* [RECORDS FOR PROCESSING]:
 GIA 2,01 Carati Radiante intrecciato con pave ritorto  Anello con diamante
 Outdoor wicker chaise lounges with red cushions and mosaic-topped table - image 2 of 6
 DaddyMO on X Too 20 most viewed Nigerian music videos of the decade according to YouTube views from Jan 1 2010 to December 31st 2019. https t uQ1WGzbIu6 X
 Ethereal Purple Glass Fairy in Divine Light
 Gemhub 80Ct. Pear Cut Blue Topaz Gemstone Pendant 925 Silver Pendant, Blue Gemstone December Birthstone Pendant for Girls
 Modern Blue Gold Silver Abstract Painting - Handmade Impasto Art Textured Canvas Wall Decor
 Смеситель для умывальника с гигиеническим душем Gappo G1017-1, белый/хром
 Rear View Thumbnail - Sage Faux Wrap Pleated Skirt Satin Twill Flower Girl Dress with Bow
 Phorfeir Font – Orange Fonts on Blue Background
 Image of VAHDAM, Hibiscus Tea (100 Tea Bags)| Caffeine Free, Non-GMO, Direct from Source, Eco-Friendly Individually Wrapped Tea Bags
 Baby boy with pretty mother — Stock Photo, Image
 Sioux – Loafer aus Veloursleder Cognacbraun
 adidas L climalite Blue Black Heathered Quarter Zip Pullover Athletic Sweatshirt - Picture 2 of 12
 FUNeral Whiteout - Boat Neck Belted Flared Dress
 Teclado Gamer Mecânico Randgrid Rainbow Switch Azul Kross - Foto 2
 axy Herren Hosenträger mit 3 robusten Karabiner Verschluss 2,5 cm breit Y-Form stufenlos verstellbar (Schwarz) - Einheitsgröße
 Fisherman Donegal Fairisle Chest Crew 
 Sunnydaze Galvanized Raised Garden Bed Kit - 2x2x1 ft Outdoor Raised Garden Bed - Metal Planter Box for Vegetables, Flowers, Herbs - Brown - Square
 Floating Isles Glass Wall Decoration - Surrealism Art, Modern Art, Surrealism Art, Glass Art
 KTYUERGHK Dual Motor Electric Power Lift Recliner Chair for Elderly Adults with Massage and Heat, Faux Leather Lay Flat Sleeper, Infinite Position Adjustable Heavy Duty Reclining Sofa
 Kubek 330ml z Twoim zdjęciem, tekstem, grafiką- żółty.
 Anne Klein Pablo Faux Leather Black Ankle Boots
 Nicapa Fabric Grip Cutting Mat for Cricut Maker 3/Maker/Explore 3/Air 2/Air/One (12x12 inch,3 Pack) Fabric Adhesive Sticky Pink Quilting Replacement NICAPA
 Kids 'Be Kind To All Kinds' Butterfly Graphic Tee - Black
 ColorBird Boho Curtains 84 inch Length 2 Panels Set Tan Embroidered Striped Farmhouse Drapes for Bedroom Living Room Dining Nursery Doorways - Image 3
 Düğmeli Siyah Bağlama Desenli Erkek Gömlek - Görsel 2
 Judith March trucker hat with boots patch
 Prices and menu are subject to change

* [WORK REQUIRED]:
Gather up every line in the data above that contains the word "Wall", copying each one.

* [YOUR SOLUTION]:
 Modern Blue Gold Silver Abstract Painting - Handmade Impasto Art Textured Canvas Wall Decor
 Floating Isles Glass Wall Decoration - Surrealism Art, Modern Art, Surrealism Art, Glass Art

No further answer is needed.